In its 145-year history, the College has had only nine presidents: Dr. Ward, Dr. Thomas Hamilton Lewis (1886–1920), Dr. Albert Norman Ward (1920–1935), Bishop Fred G. Holloway (1935–1947), Dr. Lowell S. Ensor (1947–1972), Dr. Ralph C. John (1972–1984), Dr. Robert H. Chambers (1984–2000), Dr. Joan Develin Coley (2000–2010) and Dr. Roger N. Casey (2010–present). Under their guidance, the College has assumed a place in the nation among the quality colleges of the liberal arts and sciences, developing programs and material and physical assets that fulfill the vision of its founders.
Thirty miles northwest of Baltimore’s Inner Harbor and 56 miles north of Washington, D.C., the campus overlooks historic Westminster, Md., Carroll County’s largest town and county seat. Within walking distance are gift boutiques, book and music stores, art galleries, and restaurants which line one of America’s longest main streets. Both nearby metropolitan cities offer students opportunities for learning and leisure—art and history museums, internships on Capitol Hill, Baltimore Orioles and Ravens games, and bayside seafood and nightlife.

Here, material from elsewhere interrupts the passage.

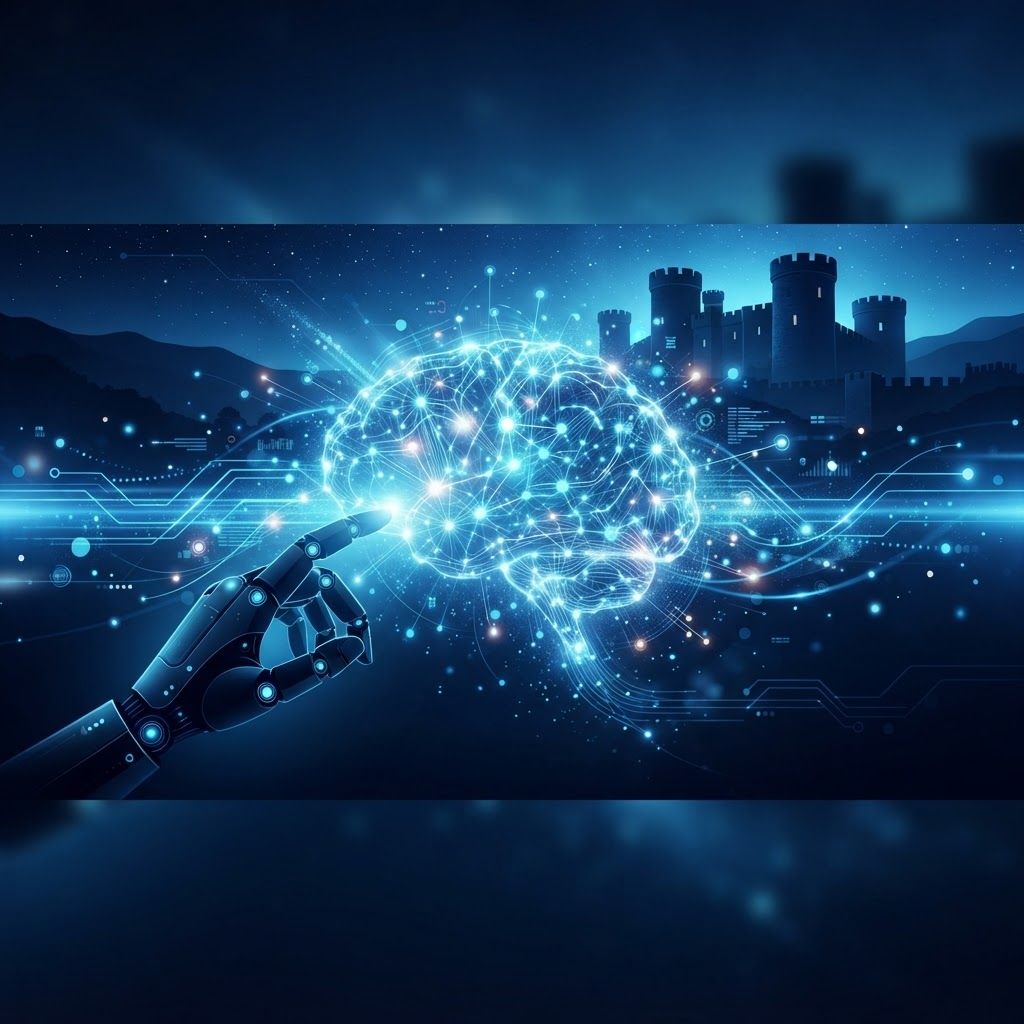 Top 10 Best Artificial Intelligence Companies in Caerphilly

McDaniel College is a diverse student-centered community committed to excellence in the liberal arts & sciences and professional studies. With careful mentoring and attention to the individual, McDaniel changes lives. We challenge students to develop their unique potentials with reason, imagination, and human concern. Through flexible academic programs, collaborative and experiential learning, and global engagement, McDaniel prepares students for successful lives of leadership, service, and social responsibility.

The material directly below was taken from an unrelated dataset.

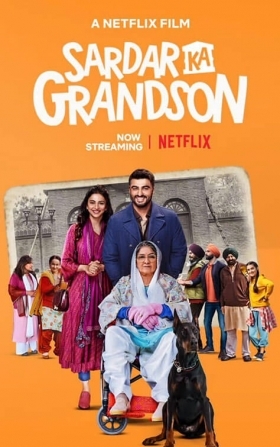 Σαρντάρ και Εγγονός / Sardar Ka Grandson (2021)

Recognized nationally among 40 Colleges that Change Lives and U.S. News top-tier liberal arts colleges, McDaniel offers more than 70 exceptional undergraduate programs of study, including dual and student-designed majors, plus 25 highly regarded graduate programs, including one of the nation’s top Deaf Education programs.
The college’s hallmark faculty-student collaborations in research, teaching and mentoring plus hundreds of leadership and service opportunities enrich a lively learning experience that is rooted in the McDaniel Plan, a student-centered curriculum delivered in small classes by dynamic faculty who connect flexible learning plans to global opportunities for engagement. Distinctive aspects of the McDaniel Plan include required Sophomore Interdisciplinary Studies seminar and a junior writing experience in the major.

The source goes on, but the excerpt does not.